Exercise goal:
Please transcribe the data that follows exactly as given, leaving out every picture.

Recorded data:
┄┄┄┄┄┄┄┄┄┄

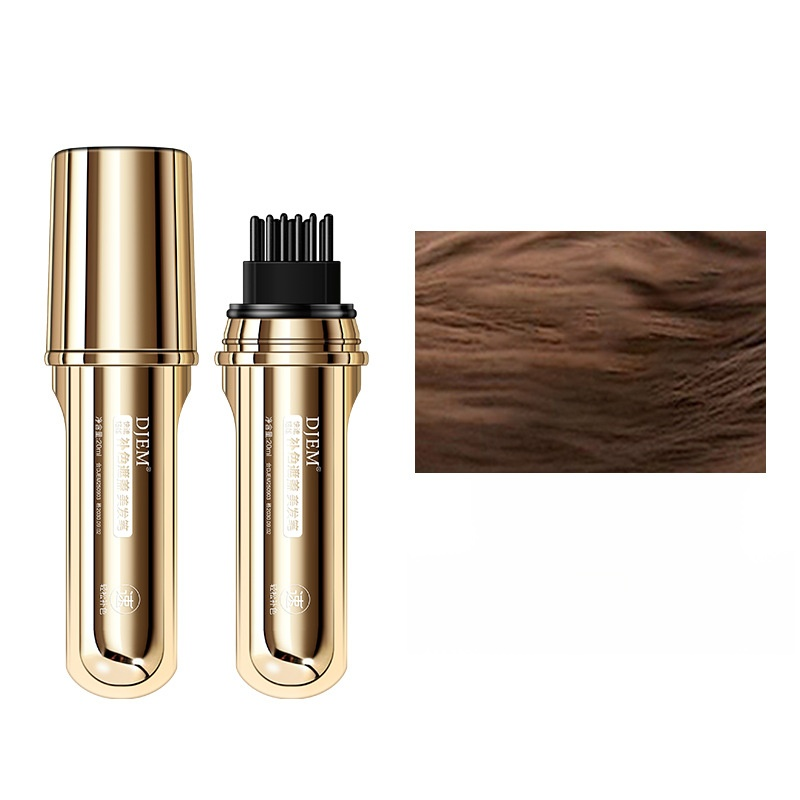 Long-lasting hair coloring stick to cover gray hair【Coveres gray hair in 3 seconds, one razor can be used 160 times!】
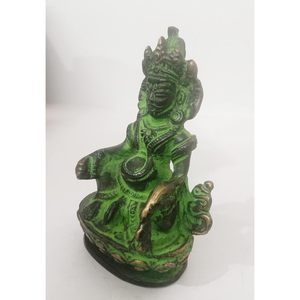 PARIJAT HANDICRAFT Lord Kuber Murti Vintage Brass <b>Statue</b> Wealth God for Vastu Feng Shui Blessing Pooja Gift - Product Image 3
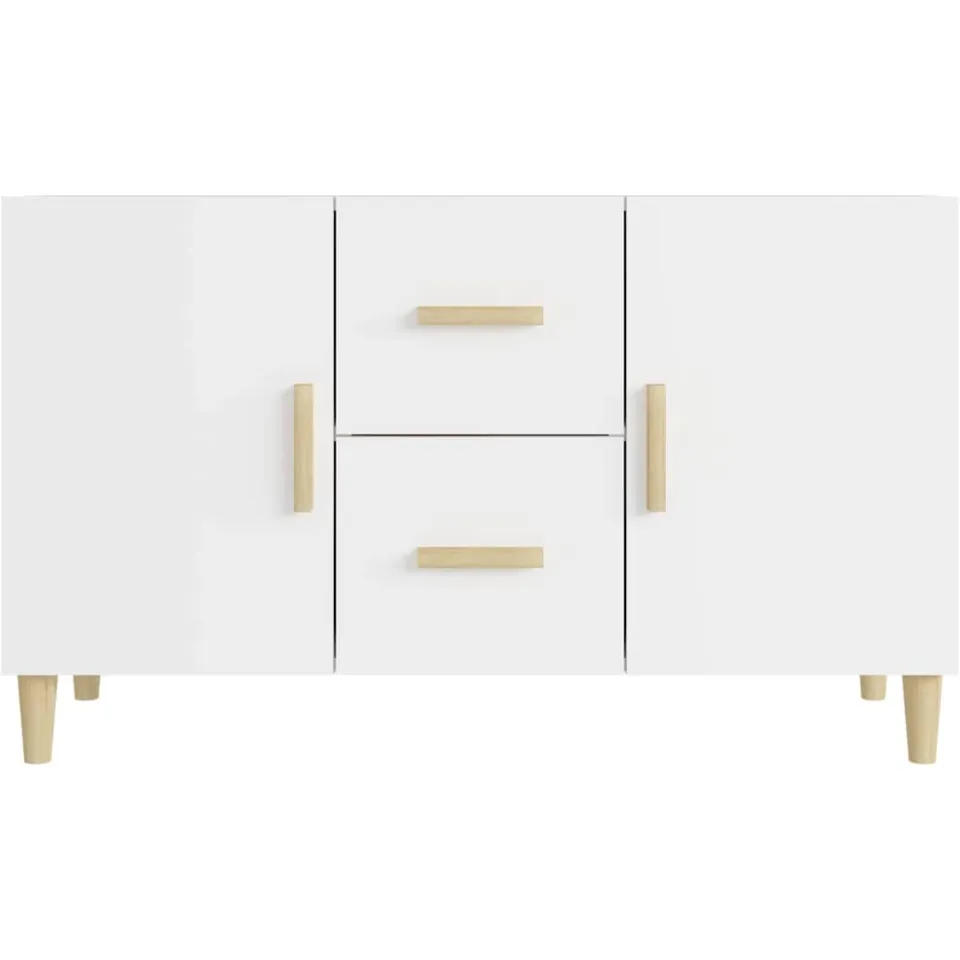 vidaXL Dressoir 100x36x60 cm bewerkt hout wit, foto 4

┄┄┄┄┄┄┄┄┄┄

Answer to the exercise:
 Long-lasting hair coloring stick to cover gray hair【Coveres gray hair in 3 seconds, one razor can be used 160 times!】
 PARIJAT HANDICRAFT Lord Kuber Murti Vintage Brass <b>Statue</b> Wealth God for Vastu Feng Shui Blessing Pooja Gift - Product Image 3
 vidaXL Dressoir 100x36x60 cm bewerkt hout wit, foto 4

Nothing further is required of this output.